The suicide of former NFL star and convicted murderer Aaron Hernandez is an occasion for thinking about the policy of sentencing people to sentences of life without parole.  One of the less noted perversities of capital punishment is that it deflects attention from this subject.  Indeed, an innocent person on death row almost certainly has a far better chance of eventual exoneration than someone serving life sentence, because of the far greater per capita resources expended on death penalty cases.

There are currently about 2,900 people on death row, and more than a third of them are in jurisdictions that now almost never execute anyone, most notably California.  Meanwhile as of five years ago around 159,000 people in the US were serving life sentences, and nearly a third of those sentences did not include the possibility of parole.  Several thousand of the latter sentences were imposed on juveniles, in some cases for crimes committed when the offender was as young as 13.  (The US is the only country in the world that sentences juveniles to life without parole).

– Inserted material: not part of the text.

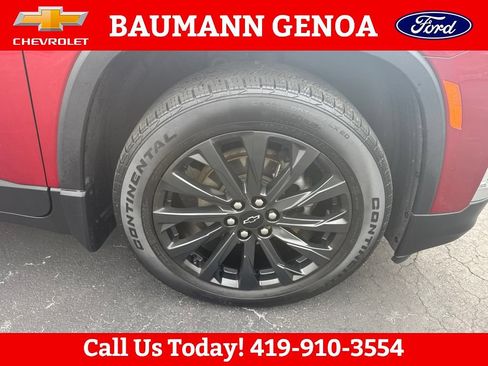 Used 2023 Chevrolet Traverse RS AWD/4WD image 9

Life without parole is a barbaric sentence, that no civilized legal system should tolerate.  While there are certainly people who should never be released from prison before they die, that judgment should be made on a truly individualized basis, not by sentencing whole classes of offenders to the certainty of lifetime imprisonment.  The fact that life without parole exists in large part as a wedge against death penalty advocates is just another example of the social damage that the continued existence of capital punishment does — as is the fact that so few resources, comparatively speaking, are dedicated to the legal claims of the tens of thousands of people in America serving legally irrevocable life sentences.